*** STUDY MATERIAL Section Begins ***

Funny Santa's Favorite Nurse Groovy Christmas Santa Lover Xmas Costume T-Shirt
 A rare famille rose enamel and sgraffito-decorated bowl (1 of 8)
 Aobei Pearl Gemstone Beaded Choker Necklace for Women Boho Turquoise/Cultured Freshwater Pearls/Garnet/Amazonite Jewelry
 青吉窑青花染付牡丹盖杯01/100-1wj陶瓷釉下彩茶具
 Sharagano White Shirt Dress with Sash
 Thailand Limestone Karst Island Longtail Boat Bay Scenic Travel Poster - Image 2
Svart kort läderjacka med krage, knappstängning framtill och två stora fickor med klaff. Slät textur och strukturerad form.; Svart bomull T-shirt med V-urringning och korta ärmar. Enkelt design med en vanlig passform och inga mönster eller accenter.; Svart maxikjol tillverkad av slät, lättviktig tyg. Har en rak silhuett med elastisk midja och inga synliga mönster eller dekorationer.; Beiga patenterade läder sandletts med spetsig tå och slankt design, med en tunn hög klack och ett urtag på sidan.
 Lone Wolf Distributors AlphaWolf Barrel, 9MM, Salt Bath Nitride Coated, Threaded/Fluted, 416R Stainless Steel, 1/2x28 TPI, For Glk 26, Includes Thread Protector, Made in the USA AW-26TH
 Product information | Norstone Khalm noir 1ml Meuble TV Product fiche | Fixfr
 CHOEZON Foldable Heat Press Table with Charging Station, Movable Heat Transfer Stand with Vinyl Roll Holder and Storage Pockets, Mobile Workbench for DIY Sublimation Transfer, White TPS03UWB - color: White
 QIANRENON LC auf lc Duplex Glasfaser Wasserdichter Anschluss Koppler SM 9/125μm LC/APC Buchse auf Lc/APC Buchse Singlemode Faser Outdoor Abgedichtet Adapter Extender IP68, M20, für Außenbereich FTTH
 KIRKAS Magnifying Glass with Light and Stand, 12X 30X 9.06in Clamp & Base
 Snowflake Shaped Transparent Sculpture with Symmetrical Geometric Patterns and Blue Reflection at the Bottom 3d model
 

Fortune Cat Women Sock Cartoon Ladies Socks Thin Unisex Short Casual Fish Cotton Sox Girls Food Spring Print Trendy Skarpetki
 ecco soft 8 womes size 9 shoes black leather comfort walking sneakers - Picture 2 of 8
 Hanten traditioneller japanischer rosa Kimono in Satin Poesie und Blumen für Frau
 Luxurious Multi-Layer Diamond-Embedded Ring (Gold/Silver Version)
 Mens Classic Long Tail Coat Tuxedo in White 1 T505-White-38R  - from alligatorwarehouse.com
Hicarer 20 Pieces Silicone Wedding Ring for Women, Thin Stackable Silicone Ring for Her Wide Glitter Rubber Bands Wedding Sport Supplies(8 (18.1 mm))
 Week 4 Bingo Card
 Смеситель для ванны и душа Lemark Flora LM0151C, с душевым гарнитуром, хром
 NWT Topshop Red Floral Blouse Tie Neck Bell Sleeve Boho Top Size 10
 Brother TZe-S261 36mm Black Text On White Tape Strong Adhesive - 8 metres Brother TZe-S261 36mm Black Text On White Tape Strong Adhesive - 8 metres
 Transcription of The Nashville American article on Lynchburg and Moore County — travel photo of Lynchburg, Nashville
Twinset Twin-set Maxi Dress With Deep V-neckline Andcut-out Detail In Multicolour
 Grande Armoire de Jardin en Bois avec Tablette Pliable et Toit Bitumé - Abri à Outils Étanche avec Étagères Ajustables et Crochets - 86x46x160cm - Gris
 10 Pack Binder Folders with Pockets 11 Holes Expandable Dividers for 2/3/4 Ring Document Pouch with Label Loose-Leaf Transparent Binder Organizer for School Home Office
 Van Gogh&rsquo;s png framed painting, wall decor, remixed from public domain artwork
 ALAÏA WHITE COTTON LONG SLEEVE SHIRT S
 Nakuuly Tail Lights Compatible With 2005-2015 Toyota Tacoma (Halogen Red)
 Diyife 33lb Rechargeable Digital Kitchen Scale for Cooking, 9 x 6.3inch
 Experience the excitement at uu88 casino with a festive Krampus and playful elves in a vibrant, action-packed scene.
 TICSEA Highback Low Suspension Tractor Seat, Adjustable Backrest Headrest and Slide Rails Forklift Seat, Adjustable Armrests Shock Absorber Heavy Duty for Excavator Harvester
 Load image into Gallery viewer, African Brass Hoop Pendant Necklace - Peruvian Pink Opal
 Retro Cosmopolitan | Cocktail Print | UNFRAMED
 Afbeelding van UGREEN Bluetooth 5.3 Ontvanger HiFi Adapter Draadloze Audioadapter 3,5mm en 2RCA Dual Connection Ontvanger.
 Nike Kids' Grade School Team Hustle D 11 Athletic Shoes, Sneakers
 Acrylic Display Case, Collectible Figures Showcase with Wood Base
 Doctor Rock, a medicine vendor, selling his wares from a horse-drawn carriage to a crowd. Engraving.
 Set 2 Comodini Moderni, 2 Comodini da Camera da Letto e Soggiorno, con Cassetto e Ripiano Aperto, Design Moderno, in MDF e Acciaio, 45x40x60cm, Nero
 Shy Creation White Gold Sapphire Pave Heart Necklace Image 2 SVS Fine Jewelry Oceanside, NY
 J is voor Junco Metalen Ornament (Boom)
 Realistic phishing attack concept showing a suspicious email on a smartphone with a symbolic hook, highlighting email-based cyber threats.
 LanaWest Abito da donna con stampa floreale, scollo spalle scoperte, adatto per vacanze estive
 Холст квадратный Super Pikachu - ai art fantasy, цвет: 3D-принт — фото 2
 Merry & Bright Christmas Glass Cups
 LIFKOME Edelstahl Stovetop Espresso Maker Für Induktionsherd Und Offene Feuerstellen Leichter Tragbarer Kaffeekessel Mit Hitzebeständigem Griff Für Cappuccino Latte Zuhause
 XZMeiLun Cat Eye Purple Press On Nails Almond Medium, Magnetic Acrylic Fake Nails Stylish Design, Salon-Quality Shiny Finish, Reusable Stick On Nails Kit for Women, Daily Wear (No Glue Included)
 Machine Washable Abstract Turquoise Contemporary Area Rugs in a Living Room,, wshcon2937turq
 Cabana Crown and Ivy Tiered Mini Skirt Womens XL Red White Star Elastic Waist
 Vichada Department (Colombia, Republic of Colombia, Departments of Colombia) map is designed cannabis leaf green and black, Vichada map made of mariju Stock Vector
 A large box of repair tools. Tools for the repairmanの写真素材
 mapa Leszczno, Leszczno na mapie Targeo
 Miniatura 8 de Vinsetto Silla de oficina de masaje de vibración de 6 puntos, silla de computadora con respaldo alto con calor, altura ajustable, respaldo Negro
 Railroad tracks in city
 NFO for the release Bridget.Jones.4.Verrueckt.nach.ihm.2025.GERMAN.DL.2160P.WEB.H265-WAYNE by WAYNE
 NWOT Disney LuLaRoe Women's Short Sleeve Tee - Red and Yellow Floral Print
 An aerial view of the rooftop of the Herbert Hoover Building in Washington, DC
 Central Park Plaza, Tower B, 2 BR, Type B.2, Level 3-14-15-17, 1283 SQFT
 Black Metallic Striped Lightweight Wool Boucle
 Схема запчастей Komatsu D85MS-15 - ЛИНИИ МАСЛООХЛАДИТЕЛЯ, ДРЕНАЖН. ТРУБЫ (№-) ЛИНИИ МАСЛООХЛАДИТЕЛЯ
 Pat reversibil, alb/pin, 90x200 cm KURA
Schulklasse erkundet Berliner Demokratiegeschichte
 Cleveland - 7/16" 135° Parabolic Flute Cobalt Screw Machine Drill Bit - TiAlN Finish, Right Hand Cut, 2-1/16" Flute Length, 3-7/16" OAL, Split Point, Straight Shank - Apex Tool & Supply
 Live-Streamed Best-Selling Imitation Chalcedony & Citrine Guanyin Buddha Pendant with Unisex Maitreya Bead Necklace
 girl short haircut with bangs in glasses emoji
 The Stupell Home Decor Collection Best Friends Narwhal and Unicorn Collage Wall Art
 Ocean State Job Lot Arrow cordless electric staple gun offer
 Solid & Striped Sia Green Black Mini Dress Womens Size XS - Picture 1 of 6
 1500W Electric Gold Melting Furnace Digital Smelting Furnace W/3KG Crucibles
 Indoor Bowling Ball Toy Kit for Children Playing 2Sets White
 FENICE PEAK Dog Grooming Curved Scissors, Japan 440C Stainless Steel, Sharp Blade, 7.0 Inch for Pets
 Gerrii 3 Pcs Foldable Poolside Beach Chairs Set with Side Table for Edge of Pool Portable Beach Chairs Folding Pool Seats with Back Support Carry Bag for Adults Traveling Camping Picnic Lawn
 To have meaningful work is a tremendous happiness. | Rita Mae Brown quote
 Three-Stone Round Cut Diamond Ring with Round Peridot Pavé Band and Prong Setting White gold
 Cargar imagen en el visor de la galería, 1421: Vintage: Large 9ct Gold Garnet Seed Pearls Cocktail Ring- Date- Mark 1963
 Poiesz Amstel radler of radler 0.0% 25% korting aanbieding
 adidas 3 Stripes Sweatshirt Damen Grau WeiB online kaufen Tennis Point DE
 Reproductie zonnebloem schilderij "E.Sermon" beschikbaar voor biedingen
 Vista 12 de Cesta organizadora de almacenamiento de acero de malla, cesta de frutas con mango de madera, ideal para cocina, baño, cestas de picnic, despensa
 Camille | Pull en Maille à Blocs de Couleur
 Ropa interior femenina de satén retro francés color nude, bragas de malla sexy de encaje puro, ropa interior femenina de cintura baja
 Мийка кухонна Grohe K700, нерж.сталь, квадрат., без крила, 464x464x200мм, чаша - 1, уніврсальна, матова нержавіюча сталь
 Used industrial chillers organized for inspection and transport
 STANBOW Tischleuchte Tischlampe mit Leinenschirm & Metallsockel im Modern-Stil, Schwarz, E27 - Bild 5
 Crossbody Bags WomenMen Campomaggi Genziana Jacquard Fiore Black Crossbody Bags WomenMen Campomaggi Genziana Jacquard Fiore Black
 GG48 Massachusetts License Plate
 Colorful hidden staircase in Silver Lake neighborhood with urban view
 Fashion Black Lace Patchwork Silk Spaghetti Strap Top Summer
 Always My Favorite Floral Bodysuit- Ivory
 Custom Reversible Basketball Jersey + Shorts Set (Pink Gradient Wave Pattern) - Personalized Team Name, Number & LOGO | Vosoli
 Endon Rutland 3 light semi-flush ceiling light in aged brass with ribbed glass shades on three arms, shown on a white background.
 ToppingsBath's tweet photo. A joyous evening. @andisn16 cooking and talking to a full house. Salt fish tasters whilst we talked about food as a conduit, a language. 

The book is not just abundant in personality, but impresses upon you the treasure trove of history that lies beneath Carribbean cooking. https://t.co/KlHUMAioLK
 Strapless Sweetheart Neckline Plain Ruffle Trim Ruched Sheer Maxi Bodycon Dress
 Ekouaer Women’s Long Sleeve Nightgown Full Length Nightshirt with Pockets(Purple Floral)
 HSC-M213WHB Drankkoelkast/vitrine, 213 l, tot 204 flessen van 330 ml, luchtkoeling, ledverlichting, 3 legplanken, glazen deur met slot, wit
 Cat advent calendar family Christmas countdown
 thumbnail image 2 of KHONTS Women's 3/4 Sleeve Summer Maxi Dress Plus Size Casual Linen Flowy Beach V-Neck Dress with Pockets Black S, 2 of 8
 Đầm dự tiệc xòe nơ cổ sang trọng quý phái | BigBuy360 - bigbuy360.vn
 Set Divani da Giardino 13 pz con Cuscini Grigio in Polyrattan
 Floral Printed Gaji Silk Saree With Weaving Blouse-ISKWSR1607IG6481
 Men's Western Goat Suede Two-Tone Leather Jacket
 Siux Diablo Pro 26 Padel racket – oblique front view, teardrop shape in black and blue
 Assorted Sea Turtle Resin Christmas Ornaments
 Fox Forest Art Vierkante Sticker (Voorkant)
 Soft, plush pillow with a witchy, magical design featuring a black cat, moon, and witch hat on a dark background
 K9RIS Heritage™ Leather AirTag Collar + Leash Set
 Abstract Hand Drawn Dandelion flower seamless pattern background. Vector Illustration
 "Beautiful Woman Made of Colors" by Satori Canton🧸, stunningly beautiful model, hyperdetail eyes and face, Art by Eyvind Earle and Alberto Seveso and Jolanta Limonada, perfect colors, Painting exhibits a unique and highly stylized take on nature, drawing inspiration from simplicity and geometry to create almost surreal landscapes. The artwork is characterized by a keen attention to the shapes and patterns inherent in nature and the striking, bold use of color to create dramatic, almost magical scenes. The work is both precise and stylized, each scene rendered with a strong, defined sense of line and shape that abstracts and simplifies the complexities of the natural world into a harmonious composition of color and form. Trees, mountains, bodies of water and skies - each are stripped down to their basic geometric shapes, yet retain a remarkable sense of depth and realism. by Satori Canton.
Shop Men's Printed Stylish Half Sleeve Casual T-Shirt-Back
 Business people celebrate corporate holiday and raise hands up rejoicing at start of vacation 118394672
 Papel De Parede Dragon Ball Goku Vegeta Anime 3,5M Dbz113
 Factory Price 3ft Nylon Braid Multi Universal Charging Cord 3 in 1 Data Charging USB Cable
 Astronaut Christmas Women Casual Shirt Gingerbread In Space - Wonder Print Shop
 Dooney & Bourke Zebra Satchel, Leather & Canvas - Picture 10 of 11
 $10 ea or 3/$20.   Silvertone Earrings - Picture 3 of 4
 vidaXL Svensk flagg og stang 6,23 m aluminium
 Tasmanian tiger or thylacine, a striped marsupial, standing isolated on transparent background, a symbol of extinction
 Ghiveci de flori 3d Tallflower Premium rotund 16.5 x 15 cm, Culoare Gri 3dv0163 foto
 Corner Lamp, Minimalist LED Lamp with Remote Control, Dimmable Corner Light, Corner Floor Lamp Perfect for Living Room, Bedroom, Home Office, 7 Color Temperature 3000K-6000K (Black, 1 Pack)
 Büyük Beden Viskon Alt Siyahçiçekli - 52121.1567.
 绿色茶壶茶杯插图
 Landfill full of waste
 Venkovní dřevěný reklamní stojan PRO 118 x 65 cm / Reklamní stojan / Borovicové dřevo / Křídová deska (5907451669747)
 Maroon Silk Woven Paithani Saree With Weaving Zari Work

*** STUDY MATERIAL Section Ends ***

### TASK STATEMENT
Within the listing above, the range opens at the line with "Afbeelding van UGREEN" and closes at the line with "Doctor Rock, a". Reproduce exactly the lines of that range, including both ends.

### RESULT OF THIS EXERCISE
 Afbeelding van UGREEN Bluetooth 5.3 Ontvanger HiFi Adapter Draadloze Audioadapter 3,5mm en 2RCA Dual Connection Ontvanger.
 Nike Kids' Grade School Team Hustle D 11 Athletic Shoes, Sneakers
 Acrylic Display Case, Collectible Figures Showcase with Wood Base
 Doctor Rock, a medicine vendor, selling his wares from a horse-drawn carriage to a crowd. Engraving.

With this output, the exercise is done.